Really nice embarrassing catches, thank you for flagging and debugging!!! Patch fixed both of these :)


Why would you post this here instead of the github page?


Because the founders came here and solicited feedback and he provided feedback directly to them.


Many (most?) humans eschew Microsoft products


I feel like those days are long past.


I don't think those days ever really existed.

Sure, lots of people (myself included) used to refuse to run windows, refuse to use any micro$hit software or anything bill g@te$ wrote and would loudly decry them.

But, the reality is, most people just ran whatever their employer gave them and for many many years that was almost definitely Microsoft stuff (especially on the desktop OS and core productivity suite).

Now I think the universe is just more pragmatic and we realize we can and should meet people where they are and arguing over tooling is just bikeshedding, at least I have.

I'm never going to ask people to please stop emailing spreadsheets and send me links to spreadsheets we can all edit online together, but, I no longer care if you send me gdocs or excel.

I'm no longer going to reply to your email with a .doc file with copypasta about how bill gates and microsoft are evil.

But, I'm firmly into grey beard territory these days so maybe i've just grown up but I do think (and hope) most of the internet has too.

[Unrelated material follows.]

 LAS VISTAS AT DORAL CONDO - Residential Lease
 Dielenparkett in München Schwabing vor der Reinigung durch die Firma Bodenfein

Eh, no. They passed for a bit when Microsoft seemed to be playing nice and accepting the fact that the world has moved on from Windows.

Now they've regressed.


This is nice! I am enjoying it so far. Earlier, I was trying to find Postman alternatives and I went back to Postman because of UI quirks. I found couple of issues with RecipeUI

Following is the curl command I got from Postman export

   curl --location --globoff 'https://api.fly.io/prometheus/my-fly-app/api/v1/query?query=count(fly_instance_filesystem_blocks{app%3D~%22%5Ety-.*-.*%24%22%2C%20mount!%3D%22%2F%22}%20*%20fly_instance_filesystem_block_size{app%3D~%22%5Ety-.*-.*%24%22%2C%20mount!%3D%22%2F%22}%20%3E%201500000000)%20by%20(app)' \
    --header 'Authorization: Bearer fo1_don_worry_this_is_changed_CjXvYYmWQIhDJE' \
    --header 'User_Key: avinassh' \
    --header 'Content-Type: application/json' \
    --data '{"query": 12}'

I could not import this in RecipeUI, says 'Could not parse CURL' it works fine on my terminal. I manually built this URL in RecipeUI, then I took the curl export and pasted in the URL bar. It did import now, but the data is truncated, my query param is just:

   {
      "query": "count(fly_instance_filesystem_blocks{app"
    }
Another problem: I want a low friction way to create new tab / Session. I could not find any keyboard shortcuts and also, no shortcuts to switch between sessions


Why were you looking for a Postman alternative? I thought it was open-source.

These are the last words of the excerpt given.